On Fri, Feb 15, 2013 at 3:14 PM, Aiquen <user-b197b3c08719@xymon.invalid> wrote:

Greetings

I don't know if this is the correct forum for this question or more
like it, new feature request. How ever I'm gonna post here and hope
someone will point me right if this is the wrong place.

For the issue at hand. At my company we use Xymon to monitor thousands
of servers. And sometimes disks gets filled and thus generates an
alert. Sometimes this won't get looked into for a couple of days since
our clients have specified that they want to remove data themselves
(and not buy more storage). And as several servers have 3 - 8 disk
and/or partitions we sometimes have trouble monitoring the other disks
since one is already sending an alert.

Example:
Server1 has 3 monitored partitions of a disk:
/
/srv/important/data
/srv/database

with the same limits on all three: 80% -> yellow alert; 90% -> red alert
Then if /srv/important/data reaches 82% the client wants us to notify
them and they will free up space. This normaly takes around 3 - 5
working days. But they also wants us to monitor /srv/database. And say
that 1 day after /srv/important/data gets filled, /srv/database
reaches 84%. That will not trigger a new alert in the non-green status
view which is what we monitor.

The question/request is then as this: Is there a way to get the client
to report each disk/partition as a separate alert, so we can disable
the alert for one disk while receiving alerts for the other
disks/partions. To use the example I want to be able to temporarily
set /srv/important/data in disabled mode while still getting alerts
from /srv/database

I know this could be solved by writing my own script for the client,
but that was disapproved of from management as they want as few custom
scripts to maintain as possible (we already have dozens of custom
scripts).

All help and feedback is appreciated, thanks.

Kind regards
Calle Lejdbrandt

list Aiquen Eldar · Fri, 15 Feb 2013 23:12:22 +0100 ·

I include the list in this response as I think it was left out by mistake.

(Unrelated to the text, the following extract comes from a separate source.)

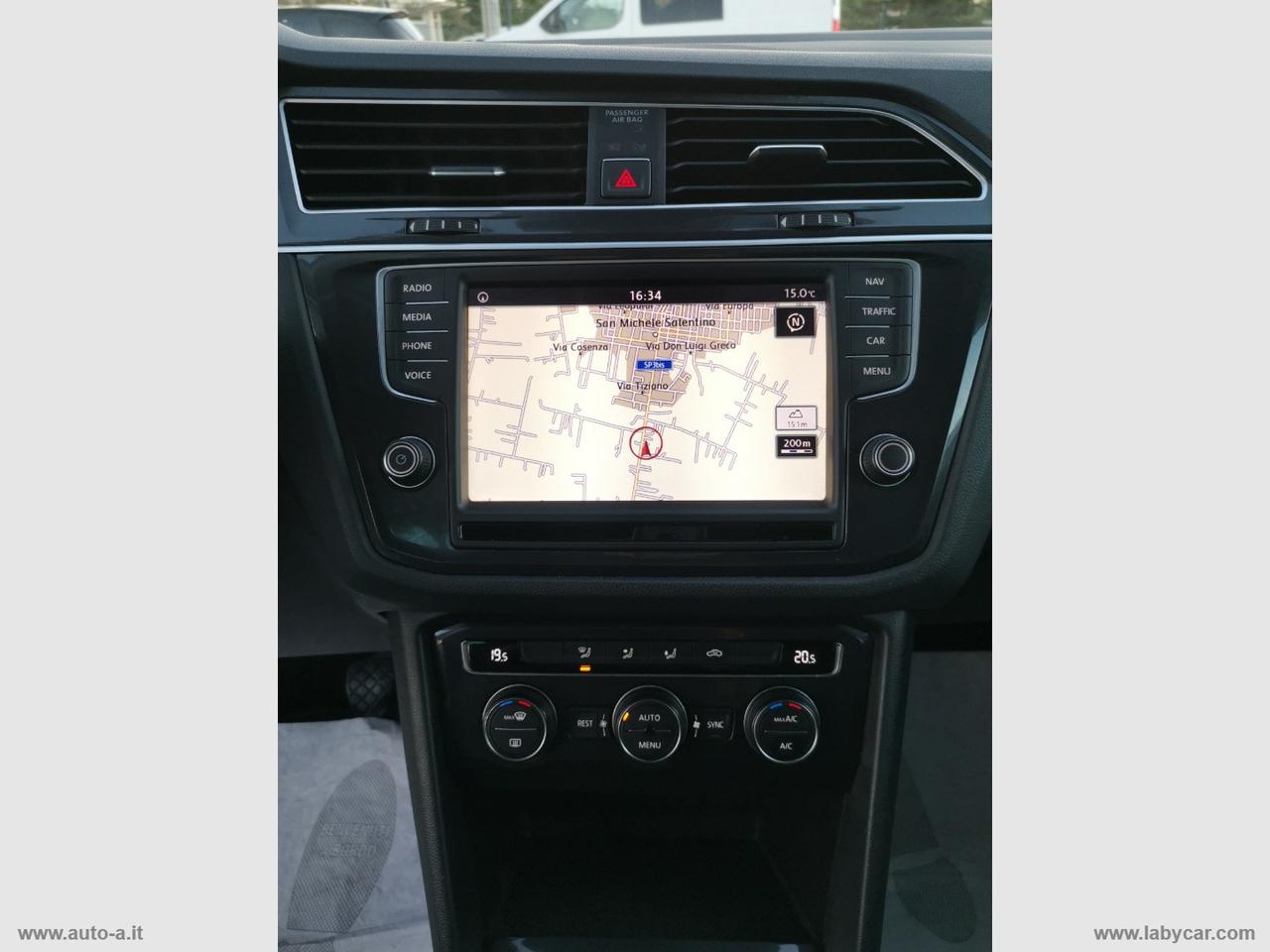 VOLKSWAGEN Tiguan 1.6 TDI Business BMT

That is a good answer, and will probably help people in similar
situations out. This will however not work for us as we don't use the
email-functionality at all in xymon. Also this is a decision from
management.

So I need a solution that will show up in the non-green systems view
in xymon. And also I need to get alerts based on that a filesystem
changes state, not based on one disk changes state on a host as it is
natively.

I do know this is very specefic. But I have tried several workarounds
and have been shot down from management because they want changes to
the client to come upstream since the disk alert technically is
working. It is just annoying for us who have to work with it this way.

Kind regards
Calle Lejdbrandt

On Fri, Feb 15, 2013 at 10:51 PM, Mike Burger <user-cc5c6e80f4c5@xymon.invalid> wrote:

While I don't have a Xymon specific, technical answer, I do have a
suggestion, which I've put to use in other places, with other monitoring
tools.

Send the emails to an account on the Xymon server, maybe even xymon, itself.

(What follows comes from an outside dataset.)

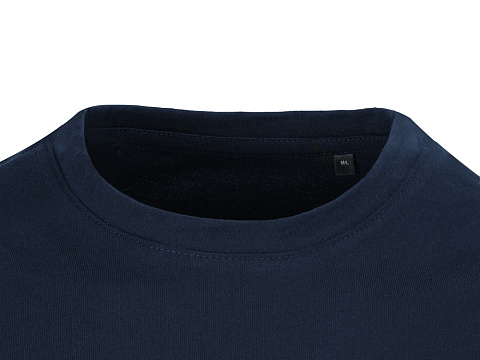 Футболка Berlin к/р оверсайз, 100% хлопок, 180гр, темно-синий - рис 9.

For the user in question, create a .procmailrc file and make use of
Procmail's ability to filter and forward. You can then filter the alarms
based on subject and/or body content, forward out the messages that need a
response, and send the rest to /dev/null.
--
Mike Burger
http://www.bubbanfriends.org

"It's always suicide-mission this, save-the-planet that. No one ever just
stops by to say 'hi' anymore." --Colonel Jack O'Neill, SG1

▸ quoted from Ralph Mitchell

Greetings

I don't know if this is the correct forum for this question or more
like it, new feature request. How ever I'm gonna post here and hope
someone will point me right if this is the wrong place.

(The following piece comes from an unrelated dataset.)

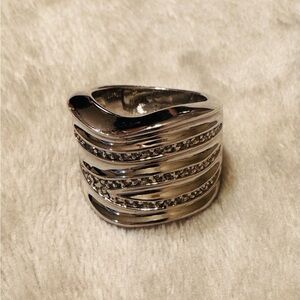 Lia Sophia “Revved Up” Ring Size 8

For the issue at hand. At my company we use Xymon to monitor thousands
of servers. And sometimes disks gets filled and thus generates an
alert. Sometimes this won't get looked into for a couple of days since
our clients have specified that they want to remove data themselves
(and not buy more storage). And as several servers have 3 - 8 disk
and/or partitions we sometimes have trouble monitoring the other disks
since one is already sending an alert.

Example:
Server1 has 3 monitored partitions of a disk:
/
/srv/important/data
/srv/database

with the same limits on all three: 80% -> yellow alert; 90% -> red alert
Then if /srv/important/data reaches 82% the client wants us to notify
them and they will free up space. This normaly takes around 3 - 5
working days. But they also wants us to monitor /srv/database. And say
that 1 day after /srv/important/data gets filled, /srv/database
reaches 84%. That will not trigger a new alert in the non-green status
view which is what we monitor.

The question/request is then as this: Is there a way to get the client
to report each disk/partition as a separate alert, so we can disable
the alert for one disk while receiving alerts for the other
disks/partions. To use the example I want to be able to temporarily
set /srv/important/data in disabled mode while still getting alerts
from /srv/database

I know this could be solved by writing my own script for the client,
but that was disapproved of from management as they want as few custom
scripts to maintain as possible (we already have dozens of custom
scripts).

All help and feedback is appreciated, thanks.

Kind regards
Calle Lejdbrandt

--


Med vänliga hälsningar
Aiquen Eldar
---Blessed be by the darkness---

list Jeremy Laidman · Tue, 19 Feb 2013 13:03:46 +1100 ·

I'd do what Ralph suggested, but report a new event to Hobbit, one per
disk.  So you'd end up with columns like disk, fsA, fsB, fsC.  The "disk"
is from the standard test, and the "fsA.." ones are generated by your
script, and can be separately disabled/acknowledged/alerted on.

J

▸ quoted from Aiquen Eldar



On 16 February 2013 09:12, Aiquen <user-b197b3c08719@xymon.invalid> wrote:

I include the list in this response as I think it was left out by mistake.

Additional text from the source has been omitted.